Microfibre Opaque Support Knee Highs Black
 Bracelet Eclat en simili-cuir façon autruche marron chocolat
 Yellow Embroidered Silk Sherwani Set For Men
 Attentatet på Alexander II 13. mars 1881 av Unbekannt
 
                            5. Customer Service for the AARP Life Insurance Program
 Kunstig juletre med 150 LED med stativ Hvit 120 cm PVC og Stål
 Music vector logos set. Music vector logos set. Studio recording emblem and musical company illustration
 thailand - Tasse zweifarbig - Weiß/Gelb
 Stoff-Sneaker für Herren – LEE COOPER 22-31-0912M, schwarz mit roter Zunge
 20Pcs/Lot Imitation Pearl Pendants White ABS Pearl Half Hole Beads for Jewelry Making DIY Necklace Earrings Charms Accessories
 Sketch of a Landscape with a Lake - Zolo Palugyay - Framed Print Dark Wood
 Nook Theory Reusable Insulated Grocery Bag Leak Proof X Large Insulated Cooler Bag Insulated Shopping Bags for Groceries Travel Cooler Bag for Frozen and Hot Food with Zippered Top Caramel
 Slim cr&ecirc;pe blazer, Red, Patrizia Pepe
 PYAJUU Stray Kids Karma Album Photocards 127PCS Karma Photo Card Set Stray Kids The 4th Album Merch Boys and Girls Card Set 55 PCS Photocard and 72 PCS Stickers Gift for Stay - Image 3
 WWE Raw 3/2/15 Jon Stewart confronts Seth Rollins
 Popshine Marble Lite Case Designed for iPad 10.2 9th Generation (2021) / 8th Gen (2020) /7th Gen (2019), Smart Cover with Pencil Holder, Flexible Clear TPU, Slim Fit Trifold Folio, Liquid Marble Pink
--------------------------------------------------
• Aim of the exercise:
All of the records above are to be copied exactly.

• Solution:
Microfibre Opaque Support Knee Highs Black
 Bracelet Eclat en simili-cuir façon autruche marron chocolat
 Yellow Embroidered Silk Sherwani Set For Men
 Attentatet på Alexander II 13. mars 1881 av Unbekannt
 
                            5. Customer Service for the AARP Life Insurance Program
 Kunstig juletre med 150 LED med stativ Hvit 120 cm PVC og Stål
 Music vector logos set. Music vector logos set. Studio recording emblem and musical company illustration
 thailand - Tasse zweifarbig - Weiß/Gelb
 Stoff-Sneaker für Herren – LEE COOPER 22-31-0912M, schwarz mit roter Zunge
 20Pcs/Lot Imitation Pearl Pendants White ABS Pearl Half Hole Beads for Jewelry Making DIY Necklace Earrings Charms Accessories
 Sketch of a Landscape with a Lake - Zolo Palugyay - Framed Print Dark Wood
 Nook Theory Reusable Insulated Grocery Bag Leak Proof X Large Insulated Cooler Bag Insulated Shopping Bags for Groceries Travel Cooler Bag for Frozen and Hot Food with Zippered Top Caramel
 Slim cr&ecirc;pe blazer, Red, Patrizia Pepe
 PYAJUU Stray Kids Karma Album Photocards 127PCS Karma Photo Card Set Stray Kids The 4th Album Merch Boys and Girls Card Set 55 PCS Photocard and 72 PCS Stickers Gift for Stay - Image 3
 WWE Raw 3/2/15 Jon Stewart confronts Seth Rollins
 Popshine Marble Lite Case Designed for iPad 10.2 9th Generation (2021) / 8th Gen (2020) /7th Gen (2019), Smart Cover with Pencil Holder, Flexible Clear TPU, Slim Fit Trifold Folio, Liquid Marble Pink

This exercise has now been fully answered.